The human mind is very complex. As licensed therapists and counselors who assist individuals and couples, our role at Heart-Centered Counseling is getting to know what causes our patients’ struggles in life. Helping them understand the difference between guilt and shame is part of the approach to healing. If you struggle with knowing how the two differ, you’ll find the answer to be life affirming.
Dr. Brené Brown, author and well-known shame researcher, sums up the difference between guilt and shame eloquently. Shame focuses on the self where guilt focuses on the behavior. When a person feels as if they are “bad,” shame has set in. When the same person mentions that they “did something bad,” they’re doing so because they feel guilty about the situation.
Dr. Brown believes that guilt is a positive. She states, “I’m just going to say it: I’m pro-guilt. Guilt is good. Guilt helps us stay on track because it’s about our behavior. It occurs when we compare something we’ve done – or failed to do – with our personal values.”

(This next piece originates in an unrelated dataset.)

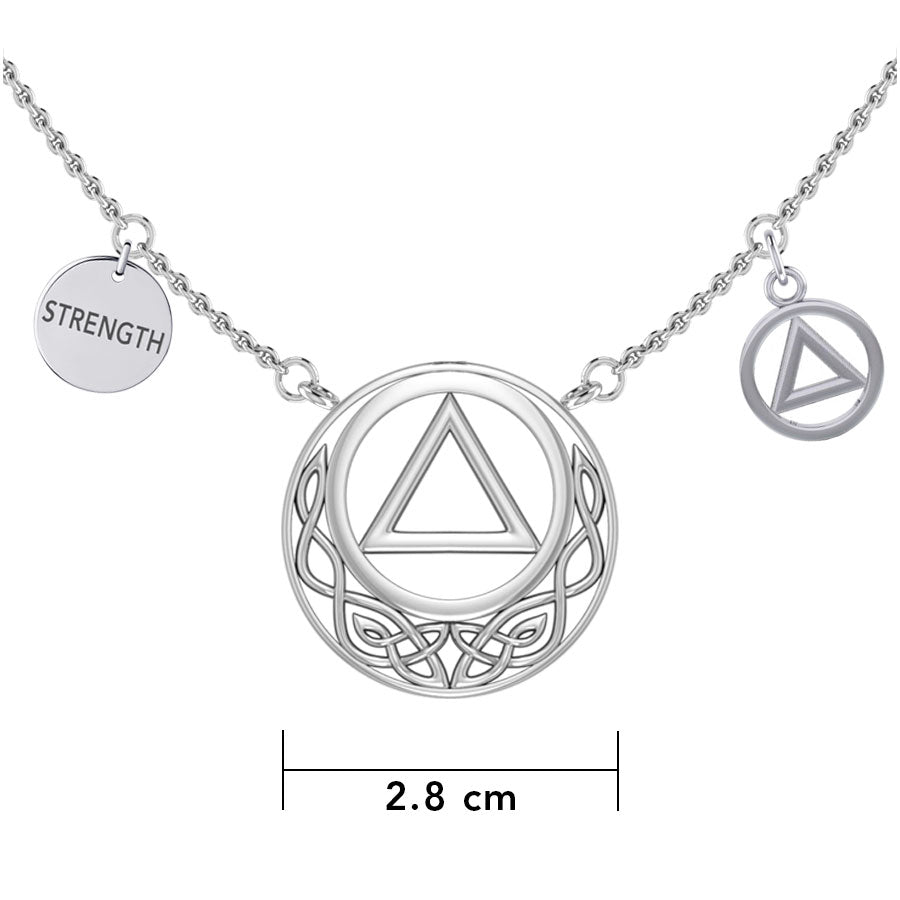 Strength AA Recovery with Celtic Silver Necklace TNC553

Shame, however, is to blame for a multitude of psychological problems including addiction, depression, violence, eating disorders and suicide. A person who is deeply ashamed is often disordered in his or her thinking or action. They may be outwardly aggressive to themselves or others. If you have gotten to this point in your own life, having regular therapy sessions helps in your recovery.
Although guilt and shame are both powerful emotions, they differ dramatically. Understanding the difference between the two can change your life for the better. In fact, the healing that you’re looking for to happen takes place when you admit your role in a situation (guilt) but don’t let feelings of unworthiness (shame) prevent you from seeking the psychological help through individual counseling needed to thrive.